[Your instructions] Each line below from the "Sorel Lennox Hiker" line through the "邻居家的老爷爷，请问他这是在干嘛？​​​" line, those two included, must be restated word for word; the pictures must not be.

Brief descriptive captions
---

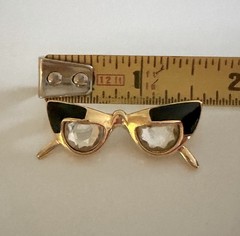VTG Clear Rhinestone Gold Tone Enamel Cat Eye Glasses Brooch Pin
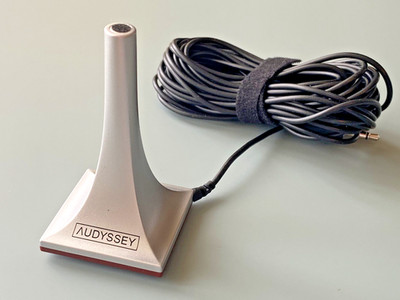 AUDYSSEY ACM1HB Einmessmikrofon inkl. Tripod Standfuß DENON ONKYO MARANTZ silver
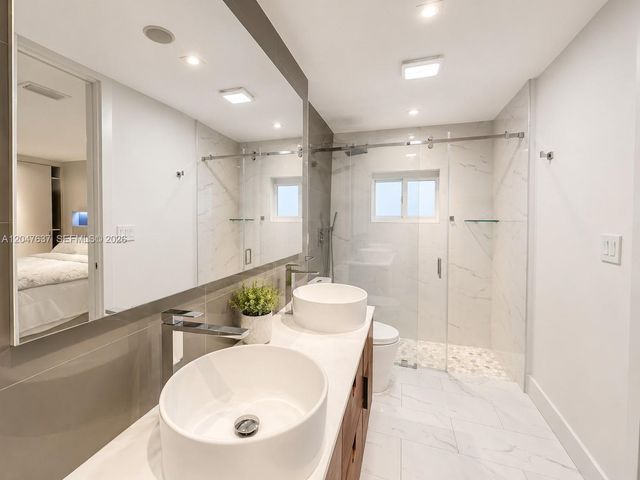 3504 Crystal View Court 0, Miami, FL 33133
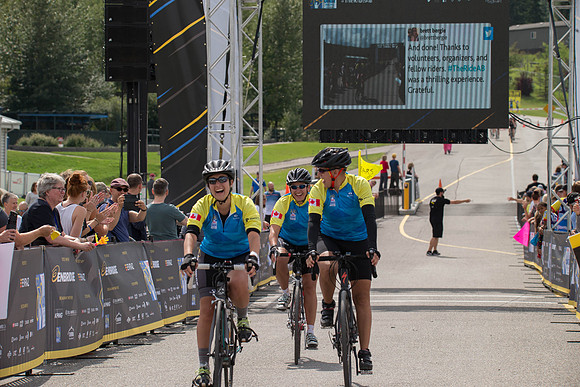 FINISH LINE CROSSING --3942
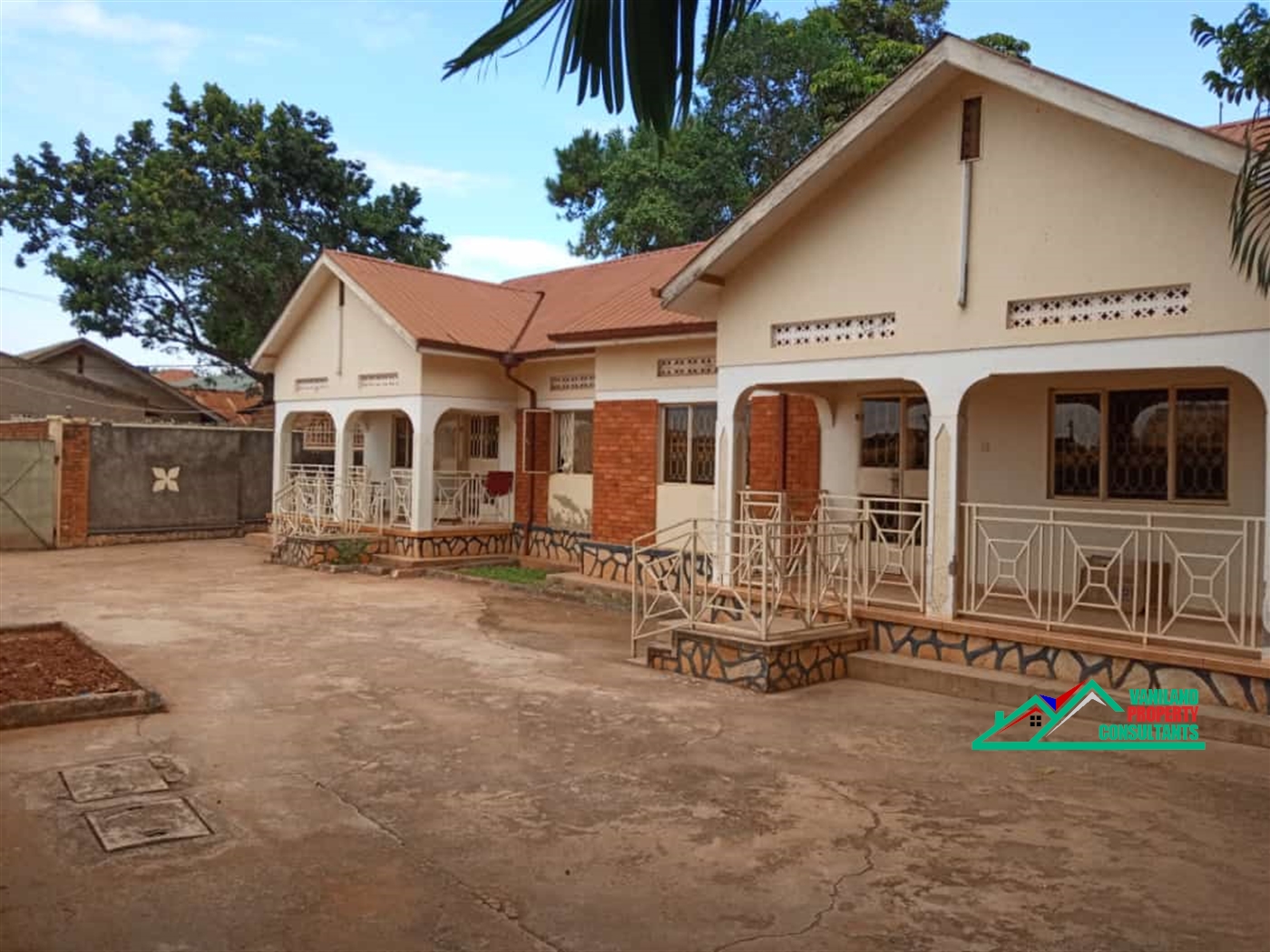 Semi Detached for sale in Mulago Kampala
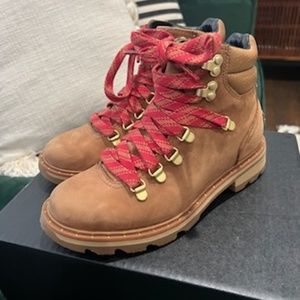 Sorel Lennox Hiker WP- Velvet Tan, Sahara- Waterproof Boot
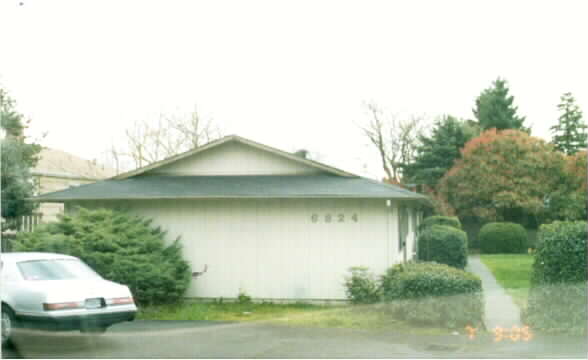 6824 SE 72nd Ave in Portland, OR - Building Photo - Building Photo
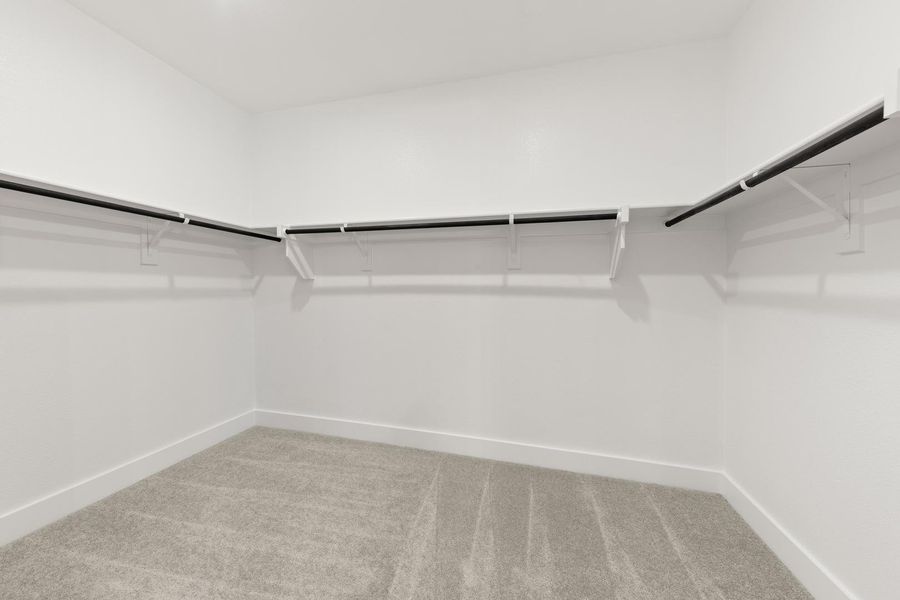 Spacious, unfurnished interior of a new home in Painted Tree, McKinney (Image 24).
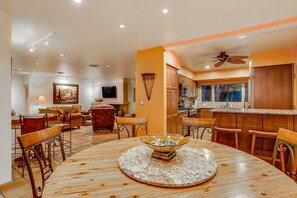 Interior - Spacious & luxurious dog-friendly home w/private pool spa & outdoor heated pool (Palm Springs)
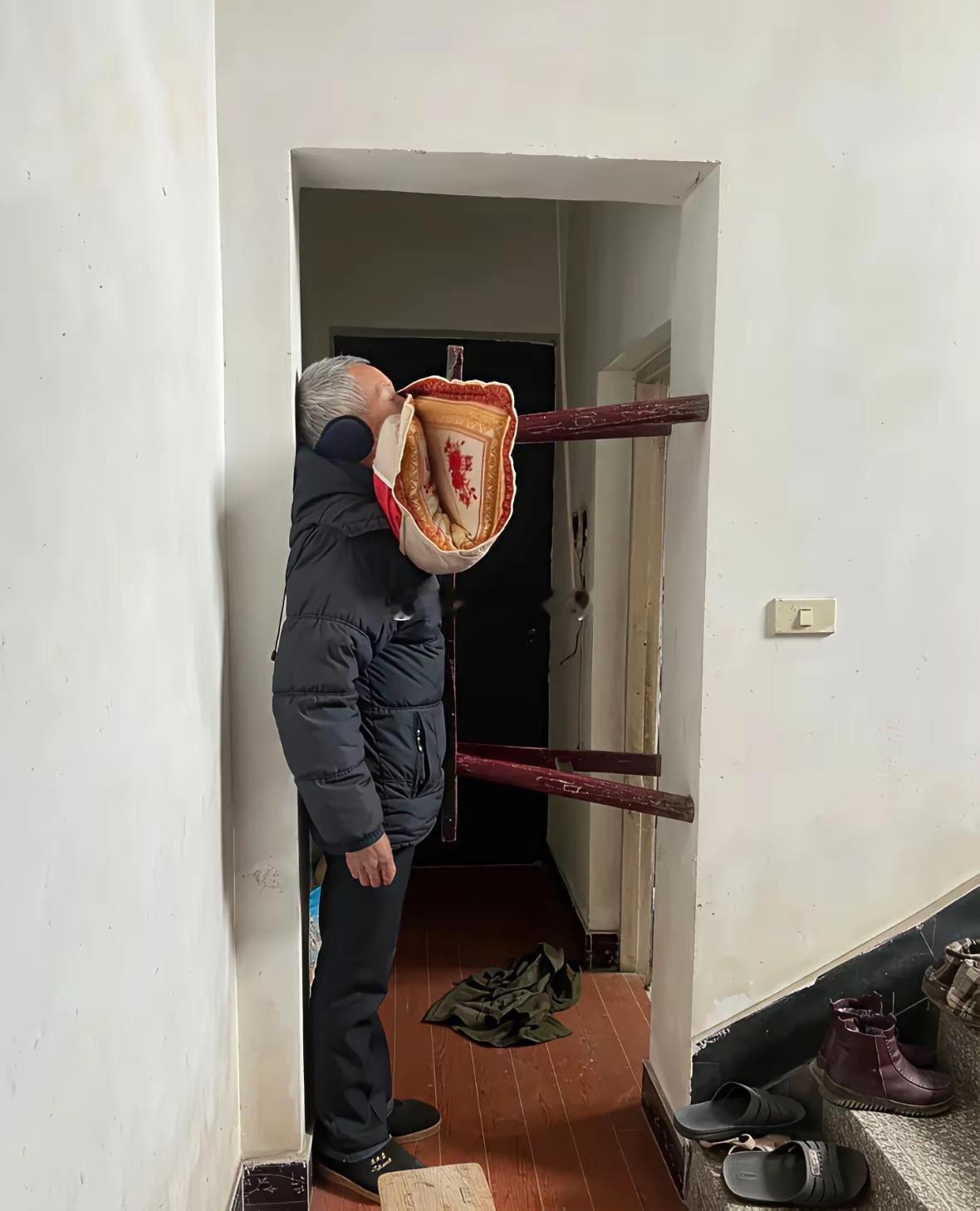 邻居家的老爷爷，请问他这是在干嘛？​​​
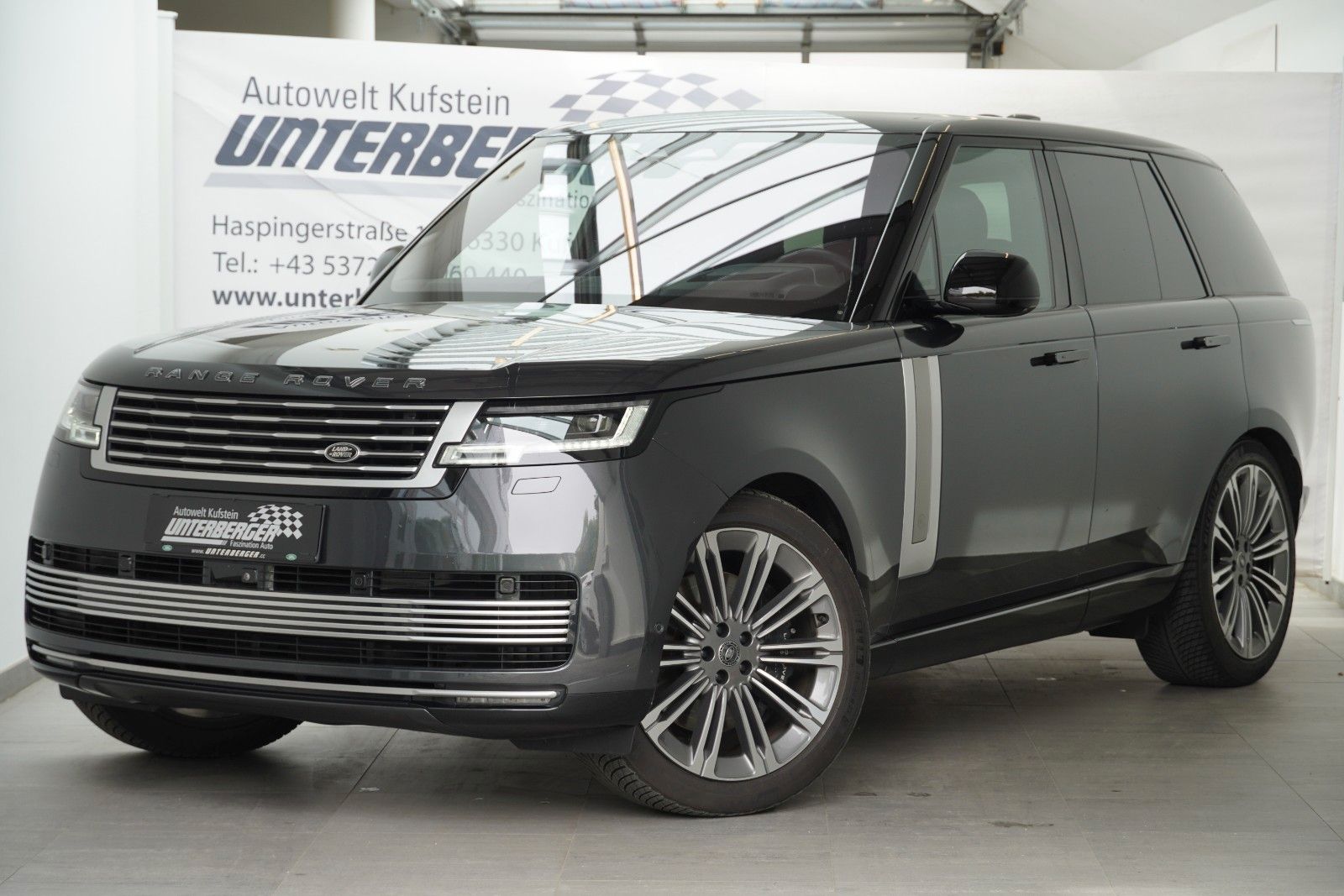 Land-Rover Range Rover - 1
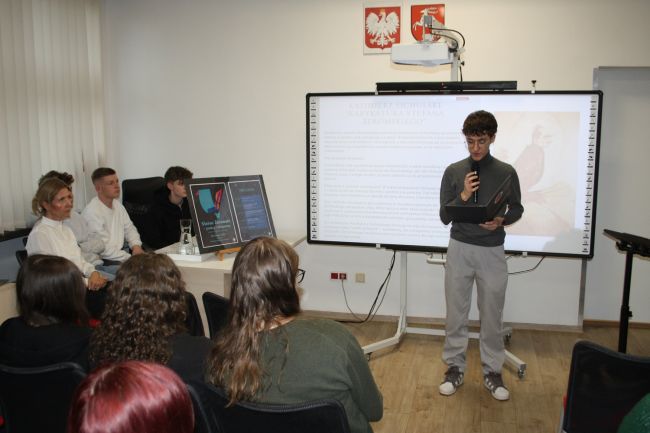 Miłosz Kucharski, uczeń I LO w Zamościu, czyta fragmenty utworów Stefana Żeromskiego.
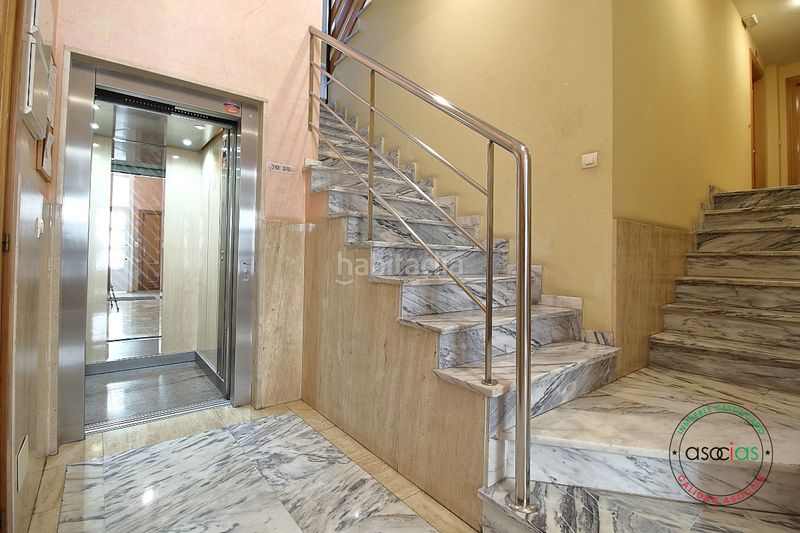 Foto 6d3ecda4-20b4-4ae5-9de8-4539b59956d0. Pis amb calefacció aparcament a El Natahoyo Gijón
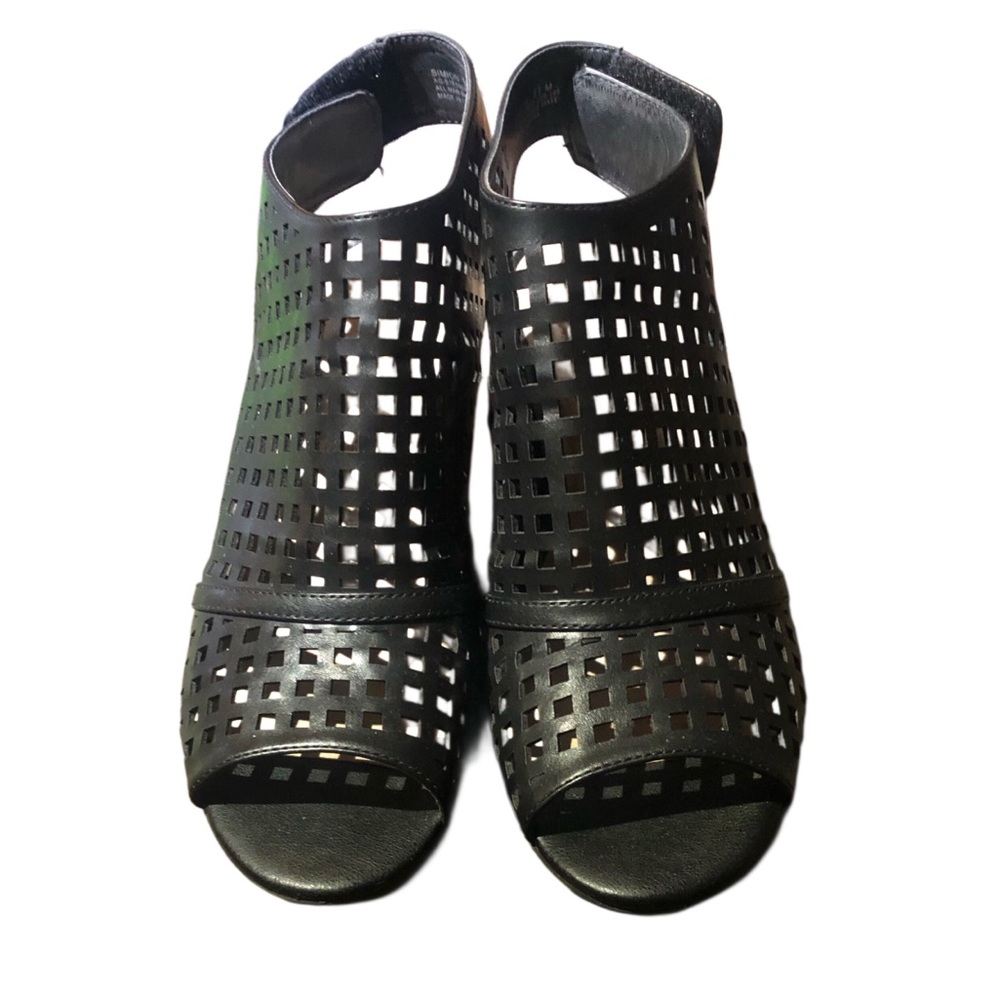 Kim Rogers Simion Open Toe Black Cutout Chunky Sandals Sz 11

---

[Result of this task]
 Sorel Lennox Hiker WP- Velvet Tan, Sahara- Waterproof Boot
 6824 SE 72nd Ave in Portland, OR - Building Photo - Building Photo
 Spacious, unfurnished interior of a new home in Painted Tree, McKinney (Image 24).
 Interior - Spacious & luxurious dog-friendly home w/private pool spa & outdoor heated pool (Palm Springs)
 邻居家的老爷爷，请问他这是在干嘛？​​​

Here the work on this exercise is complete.